Skin Hunger 3

Have you ever noticed that when cats and dogs get near each other, they immediately sniff, touch and frolic?  They know something that human beings often forget – that touching and playing is essential to our well being.

I remember a period in my life when I was getting no touching, no hugging, no kissing, no frolicking, no nothing.  That was a bleak period.  I could get over the lack of Vitamin F if you will, but to not get hugged was a terrible kind of starvation.  I was suffering from a deep case of skin hunger.  My skin felt dry; like it would crackle like peanut brittle.

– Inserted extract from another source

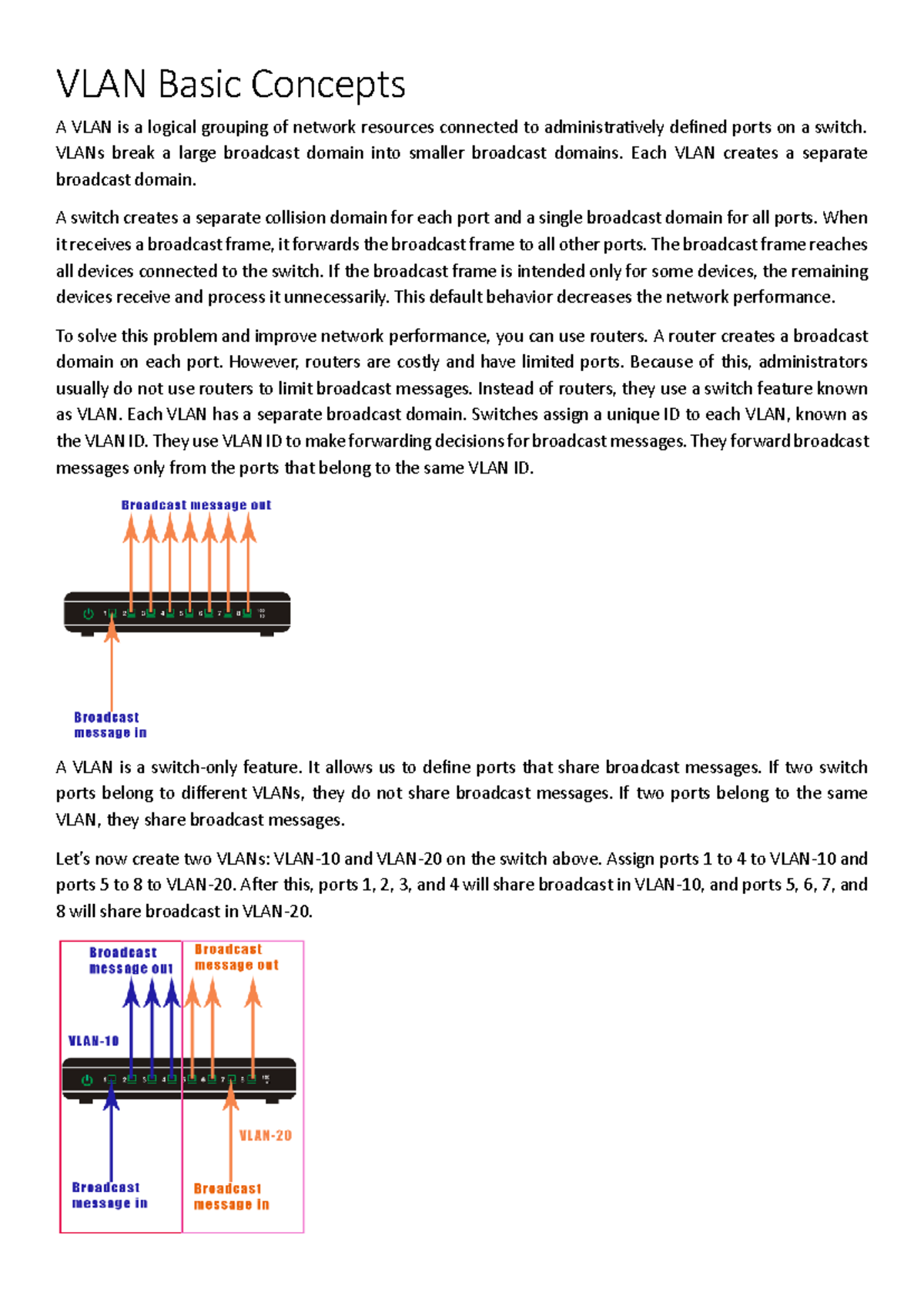 VLAN Basic Concepts: Understanding Network Segmentation and Management ...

I have a few friends and some other acquaintances who just need a touch…a touch…a touch.  Hugs on a regular basis would make them feel much better.  They need that sense of connection one feels when one touches another.  For many of them – it has been years since they’ve been in a relationship that included touching.  If one is not in a relationship – it can be almost impossible to get touched.  Think of it – living in a great big city with hundreds of thousands of people – and yet having no one to touch (non-sexually or sexually).  How bereft!

I probably frightened a young friend once, when I grabbed his hand while we were walking down the street talking.  I wasn’t flirting at all.  We were talking soul-to-soul and it just felt wrong not to have skin contact while we conversed.  I’ve also been in a number of powerful meetings and trainings where those of us participating got through a difficult project or broke through to a new insight or just learned something deeply and then we all said thank you and left.  It didn’t feel right.  It felt like we should hug each other.  A couple of times in these situations, I’ve actually asked the other participants if they minded if I gave them a hug.  I’ve never had anyone turn me down.

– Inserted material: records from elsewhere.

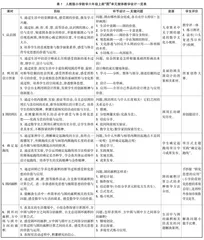 学力为本：大单元整体教学的旨趣与路径选择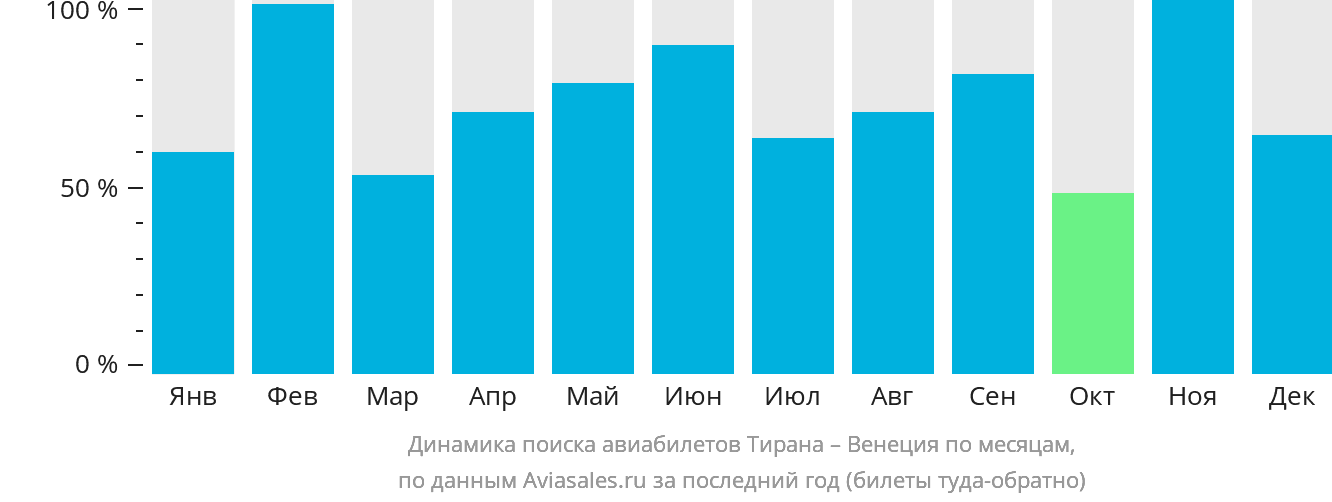 Динамика поиска авиабилетов из Тираны в Венецию по месяцам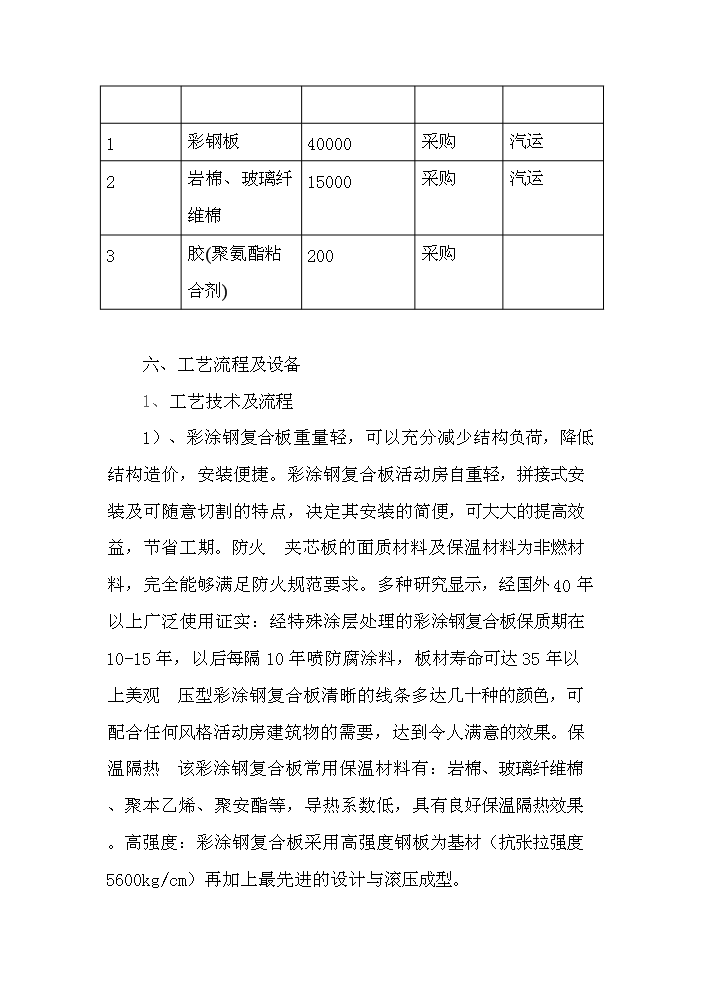 （終稿）彩涂鋼復合板加工新增項目評估分析報告.doc（最終版）第14頁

I made a decision a few years ago that I would say hello to people when I walk down the street.  This can be a revolutionary act in Boston.  I decided to use my home-training and say hello, like everyone in St. Louis did when I was growing up.  I decided I wouldn’t worry whether the people I spoke to back.  I have noticed that more people speak back now than they did when I started doing this.  I have also noticed that some people, like teenagers, are surprised when I say hello.

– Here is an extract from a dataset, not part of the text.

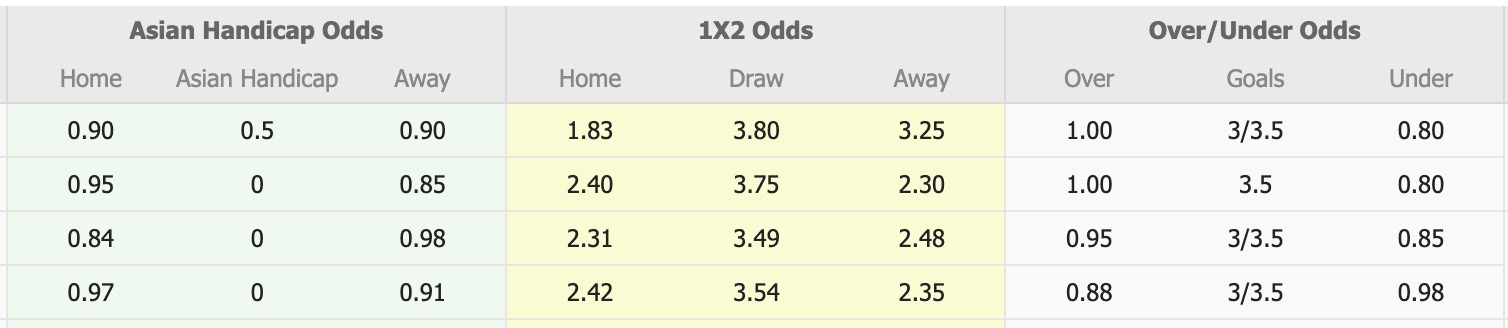 Nhận định, soi kèo Melbourne Victory FC Am vs Melbourne Knights, 17h15 ngày 30/6: Những người khốn khổ - Ảnh 1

If I could, I would gift massages to those friends who have acute cases of skin hunger.  Since I can’t, I will be more demonstrative than my innately shy and sometimes aloof nature prompts me to be, and give them a hug.  In fact, I’ll give a metaphorical hug to the world as I say my prayers tonight.  Squeeze…squeeze.

About Candelaria Silva

Candelaria Silva-Collins is a marketing, community outreach and programming consultant; writer; and trainer/facilitator who lives in Boston, Massachusetts. She has designed and facilitated workshops on a wide variety of topics including communication, facilitation, job search skills, team building, and parenting issues. She currently coordinates the Community Membership Program of the Huntington Theatre Company. Her work as Director of ACT Roxbury was profiled in several publications, including The Creative Communities Builders Handbook. Candelaria’s children’s stories, short stories, essays and reviews have been published in local and national publications and she is an active blogger. Her publications include the booklets, Handling Rejection; Pushing through Shyness: Networking Tips when You’re Shy, Slow to Warm Up or Just don’t Feel you Belong; and Real Questions about Sex & Relationships for Teens: A Discussion Guide for Parents. She has served on the boards of Goddard College, Wheelock Family Theatre, Boston Foundation for Architecture, and Discover Roxbury. She is currently Chair, Designators of the Henderson Foundation.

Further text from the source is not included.